How do you simplify #(x+3)/(x^2-2x-15)#?

1 Answer
Sep 23, 2015

The expression simplifies into #1/{x-5}#

Explanation:

You need to find the roots of the denominator: you can either use the classic #{-b \pm \sqrt{b^2-4ac}}/{2a}# formula, our you can use this particular one, which is good only if the coefficient of #x^2# is #1#: in this case, the parabola is of the form #x^2+ax+b#, and you know that #a# equals the sum of the roots, but with the opposite sign, while #b# equals exactly the product of the roots.

So, in this case, we are looking for two roots, which sum up to #2# and which give #-15# when multiplied. This numbers are obviously #5# and #-3#.

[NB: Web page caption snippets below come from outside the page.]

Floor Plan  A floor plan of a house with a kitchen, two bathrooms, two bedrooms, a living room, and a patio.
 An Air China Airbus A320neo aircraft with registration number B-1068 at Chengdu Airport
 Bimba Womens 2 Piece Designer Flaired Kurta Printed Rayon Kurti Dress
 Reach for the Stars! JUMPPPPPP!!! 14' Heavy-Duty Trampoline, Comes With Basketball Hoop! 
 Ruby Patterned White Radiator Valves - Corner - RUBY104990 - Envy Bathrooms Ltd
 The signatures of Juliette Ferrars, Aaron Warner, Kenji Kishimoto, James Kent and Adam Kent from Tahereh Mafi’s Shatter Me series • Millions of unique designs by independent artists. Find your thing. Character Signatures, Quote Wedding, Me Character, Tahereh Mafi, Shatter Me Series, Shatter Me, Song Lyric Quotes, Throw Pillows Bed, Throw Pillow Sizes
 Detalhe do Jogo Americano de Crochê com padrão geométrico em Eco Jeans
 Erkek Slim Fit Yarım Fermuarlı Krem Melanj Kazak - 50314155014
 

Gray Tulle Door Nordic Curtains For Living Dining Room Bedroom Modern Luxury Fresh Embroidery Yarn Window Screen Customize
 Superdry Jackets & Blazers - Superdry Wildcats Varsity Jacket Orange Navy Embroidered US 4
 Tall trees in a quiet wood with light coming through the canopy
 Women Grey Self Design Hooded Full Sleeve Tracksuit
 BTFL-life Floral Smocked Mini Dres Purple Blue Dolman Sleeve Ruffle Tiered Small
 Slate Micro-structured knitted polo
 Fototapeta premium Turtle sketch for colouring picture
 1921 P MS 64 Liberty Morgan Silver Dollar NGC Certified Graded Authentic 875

Now that you know the roots, you can write down your parabola in a different way: if the roots of #ax^2+bx+c# are #x_0# and #x_1#, then the following holds:

#ax^2+bx+c=(x-x_0)(x-x_1)#.

In your case, since #x_0=5# and #x_1=-3#, you have that

#x^2-2x-15=(x-5)(x+3)#.

You should see that you can cancel the term #(x+3)#: your fraction can be written as

#{x+3}/{x^2-2x-15}=\cancel{x+3}/{(x-5)\cancel((x+3))}=1/{(x-5)}#